Je prenais de plus en plus conscience que je ne faisais qu'accumuler les conneries. Je n'étais pas une mère modèle, ça je le savais déjà. Et je n'en avais jamais eu la prétention de toute façon.Mais se voir jeter toutes ses erreurs en plein visage, ça faisait toujours mal. L'ego s'en trouvait autant blessé que le cœur.

Si je devais m'en sortir à l'aide d'une excuse, j'aurai dit : Que voulez-vous, avec ce que j'ai vécu par le passé, peut-être n'ai-je aucune réelle idée de ce que doit être un parent parfait, bien que j'ai dû de nombreuses fois l'imaginer étant enfant. Les rêves et la réalité sont, hélas, bien différents, ça je l'avais compris avec le temps.

Mais je ne le ferai pas, car ça ne servirait à rien d'autres qu'à répéter une de mes fautes récurrentes. A savoir que j'ai tendance à fermer les yeux sur mon propre comportement ou sur ce qui m'entoure quand le choses vont mal, car j'ai peur de m'en trouver blessée (moi et mes proches j'entends).

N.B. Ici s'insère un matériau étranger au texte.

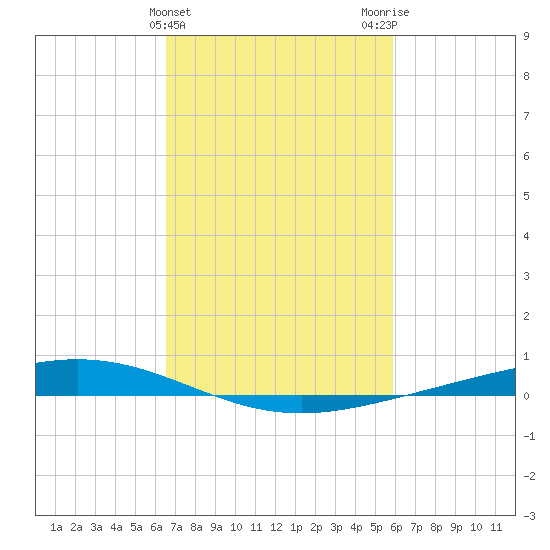 Paris Road Bridge tide chart for Thursday, February 22, 2024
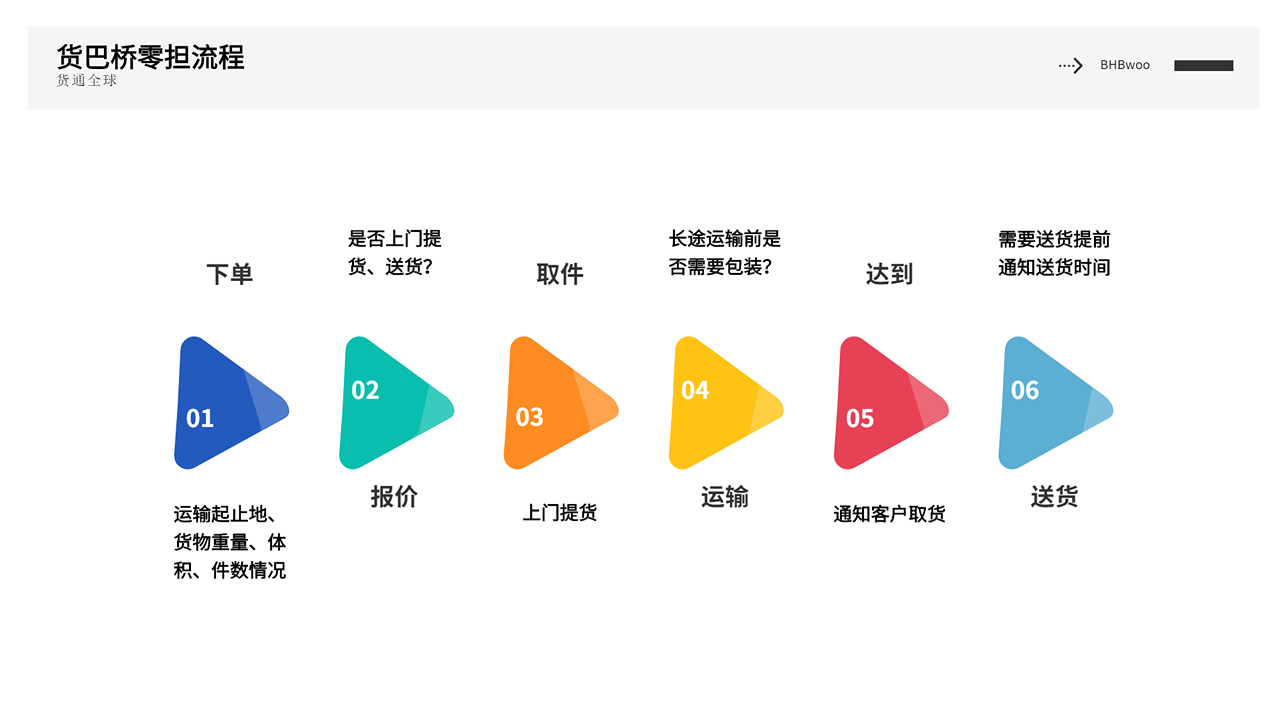 零擔運輸流程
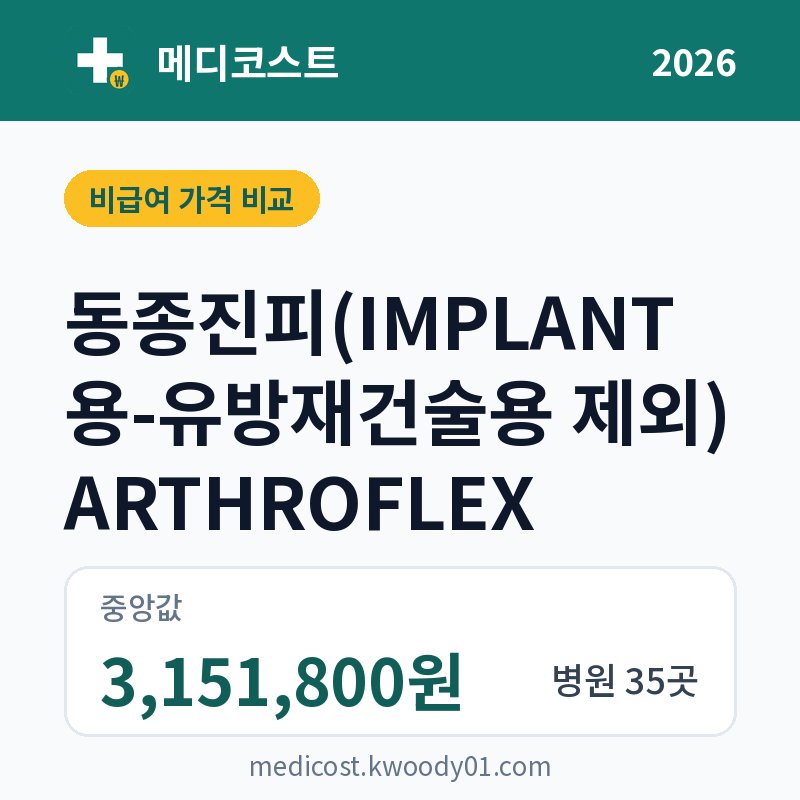 동종진피(IMPLANT용-유방재건술용 제외) ARTHROFLEX 가격 비교 2026: 중앙값 3,151,800원, 병원 35곳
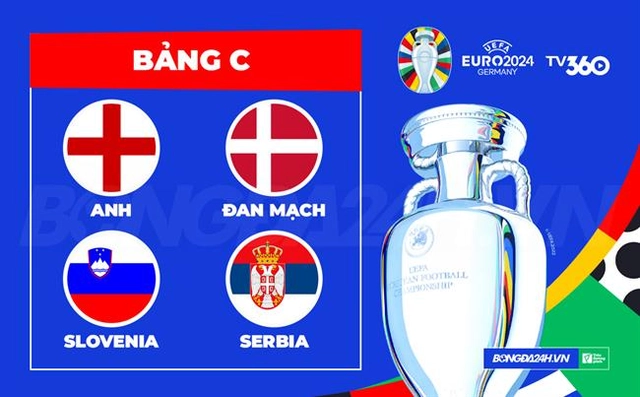 Nhận định bảng C Euro 2024: Sự vượt trội của tuyển Anh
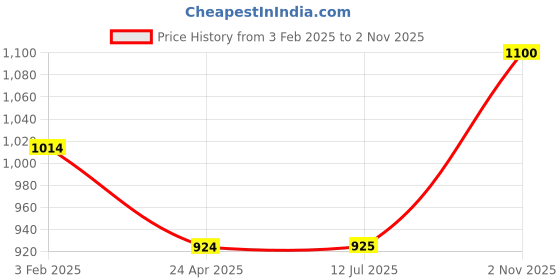 firstcry.com Hopits Colour Blocked Abstract Designed Sneakers - Pink hopits Price History Graph from 3 Feb 2025 to 2 Nov 2025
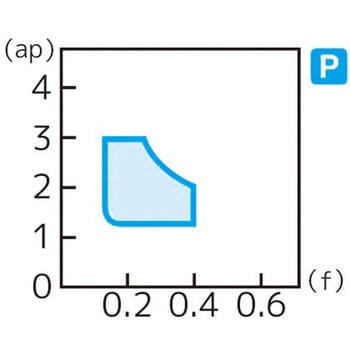 スローアウェイチップ 住友電工ハードメタル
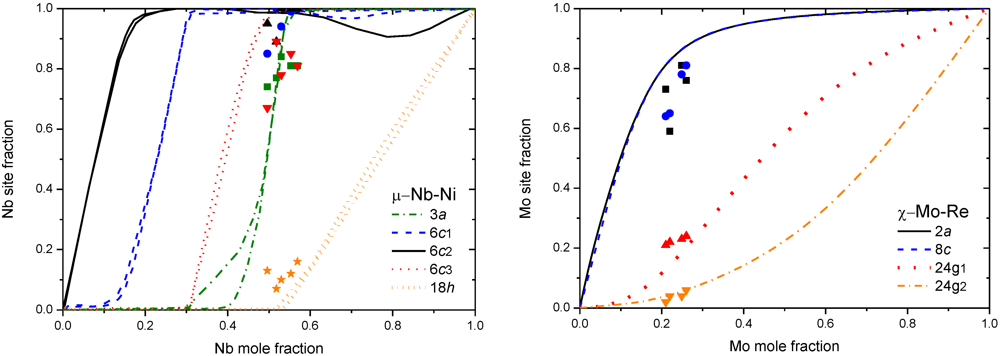 Applsci 02 00669 g005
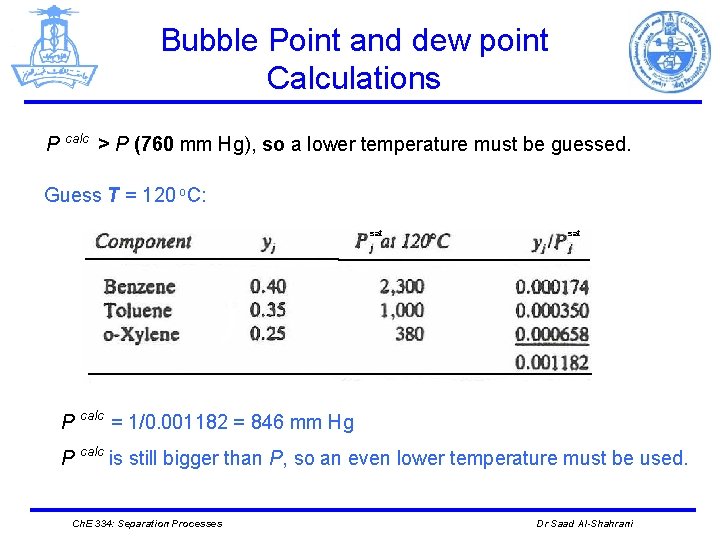 Bubble Point and dew point Calculations P calc > P (760 mm Hg), so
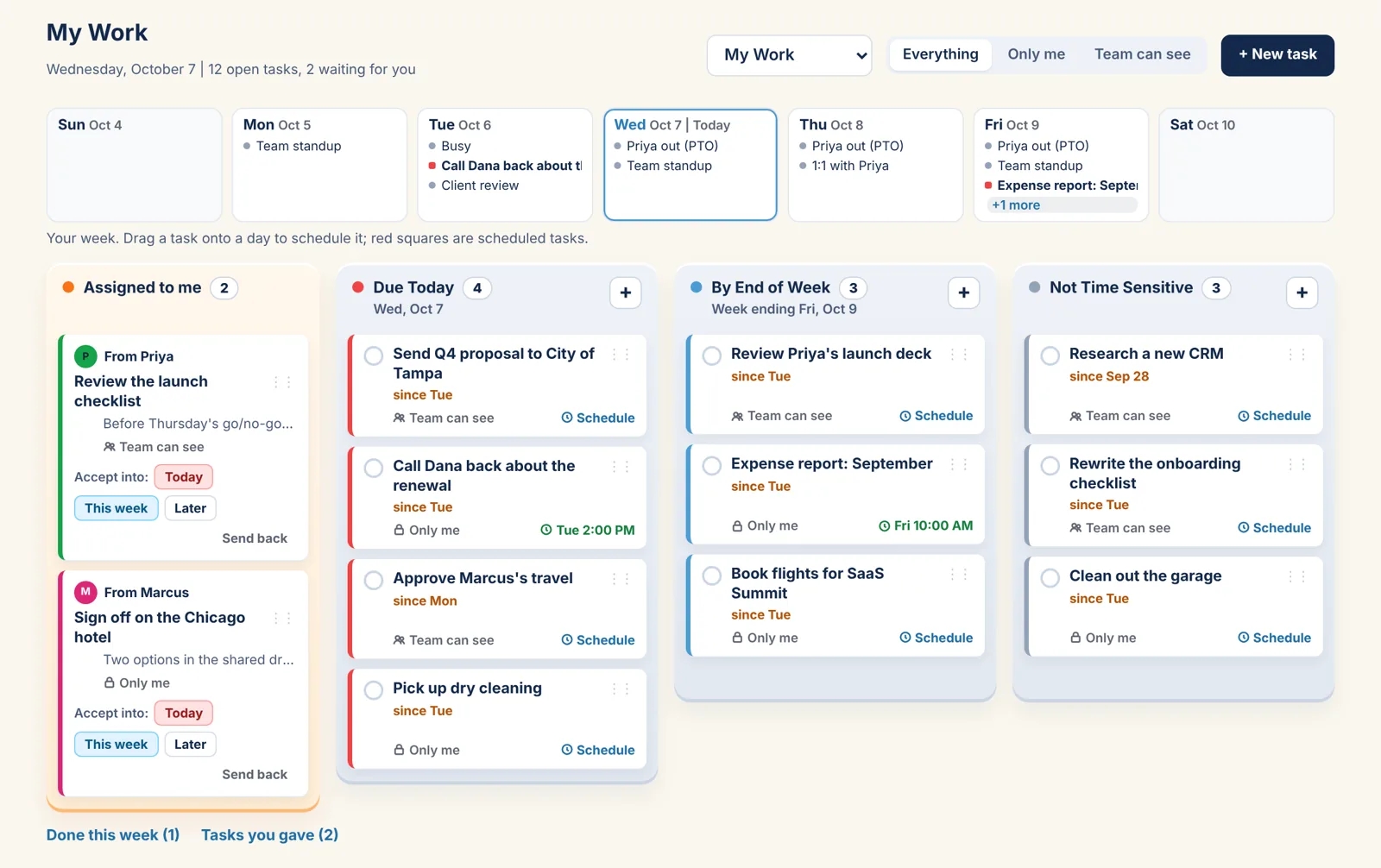 My Work: four trays of tasks, with the week above them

Cole avait raison, j'étais bien trop absente. Même les rares moments que je passais avec Minho, à leur manière, me le faisaient bien comprendre de toute façon. Quand il me parlait de ce qu'il faisait à l'école, ce qu'il avait fait avec Cole, c'était toujours une impression d'être totalement étrangère à sa vie qui m'étreignait douloureusement. J'étais pitoyable, sans nul doute. La seule chose qui pouvait plus ou moins atténuer ce mal, c'était l'idée que je valais toujours mieux que son paternel, un crétin qui voyait en la femme les qualités d'un objet jetable.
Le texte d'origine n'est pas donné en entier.